Jennet was very still, all her attention on the earl and what he might say. And since the earl seemed to have taken no offense at Hannah's bold questioning, Elizabeth was quite interested, too, and content to stay out of the conversation for the time being.
"The difference is this," said the earl. "Your grandfaither chose his place and made it his own while I was born tae Carryck. I belong tae the place as much as it belongs tae me." He held up a finger to keep Jennet from interrupting, but the look he gave her was kindly.
"Now a man wha has a twisted leg may be called Cruikshank in our tongue, or one wha works the smithy may be called Gow, which is guid Scots as weel, and means "smith." Or a man called Donald may have a son, and that son might be called Donaldson or MacDonald or FitzDonald, all meanin' "the son o' Donald." My surname is Scott.
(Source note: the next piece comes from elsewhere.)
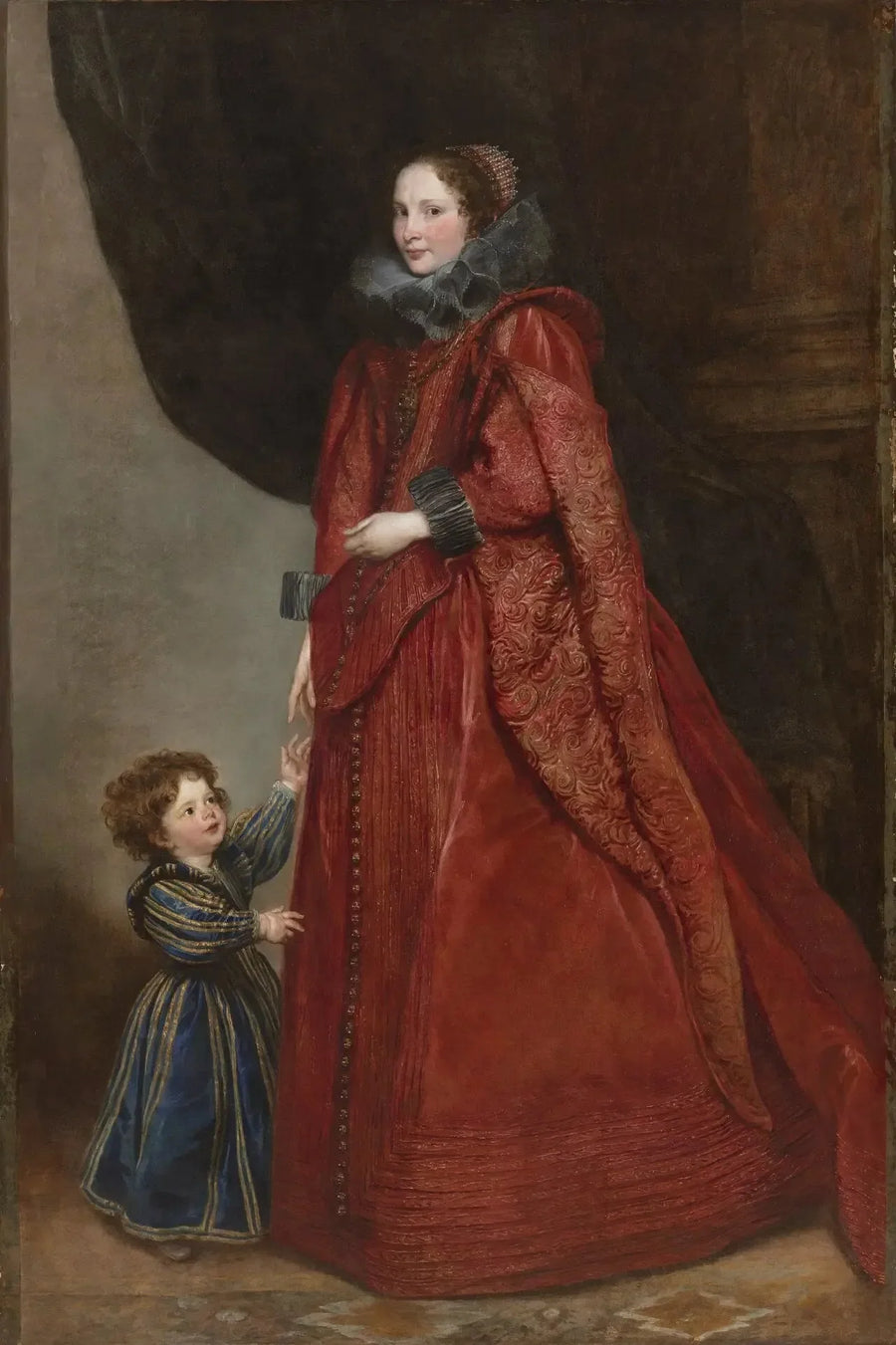 Una donna genovese con il suo bambino - Antoine van Dyck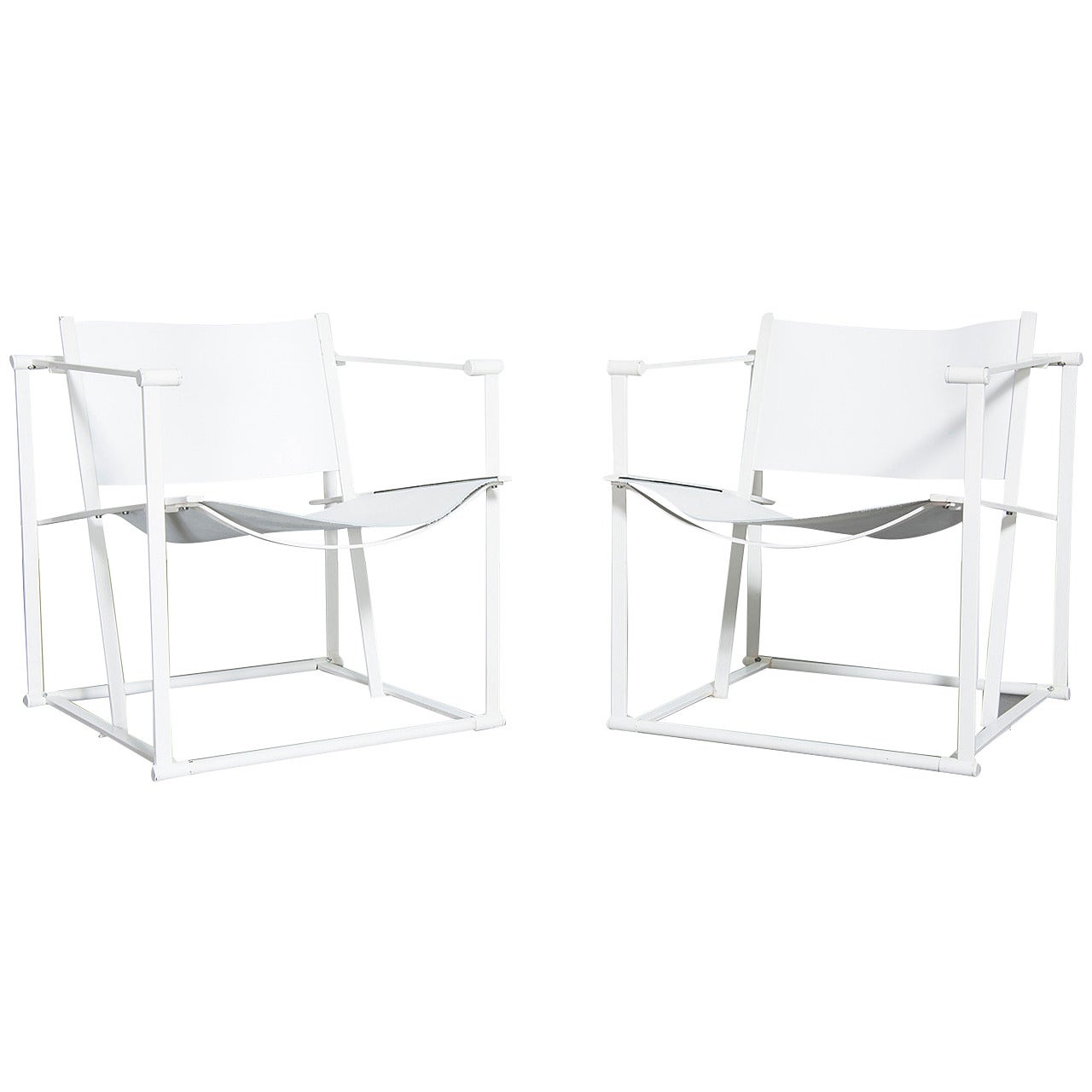 Pair of Radboud Van Beekum FM60 Cube Chairs for Pastoe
The earliest o' my ancestors that I ken was Uchtred FitzScott--Uchtred the son o' Scott--and his son Richard took the surname Scott, as did most o' the men wha descended from him."
"But some men take their mither's faither's names." Jennet pushed this out in a great rush.
The earl smiled at her, as if this knowledge of the complications of the family genealogy excused her interruption.
"That's aye true. In the male line I descend from anither family, but one o' my line wed a Scott and took her name along wi' her lands. What ye must ken, lass, is this: in Scotland there's naucht mair important than the land. Which is why so muny men left Scotland for the New Werld after the Rising. They were looking for a place where a man could settle his family, and claim new land."
Hannah's whole posture changed, uneasiness wiped away suddenly by anger. "Steal land," she said stiffly. "From my mother's people. From my people."
"Hmpf." One brow shot up and the earl sent Elizabeth a questioning glance.
She said, "The matter looks very different from the other side, my lord."
"Aye, so it must."
"Tell the rest o' it!" Jennet said impatiently.
The earl cleared his throat. "And so in the Hielands and in much o' the Lowlands the lairds are called after their lands. Ma surname is Scott but I'm called Carryck after the earldom I inherited frae my faither. The king calls me Carryck, my tenants call me Carryck, my wife called me Carryck. And you, my wee cousin, will call me Carryck, too."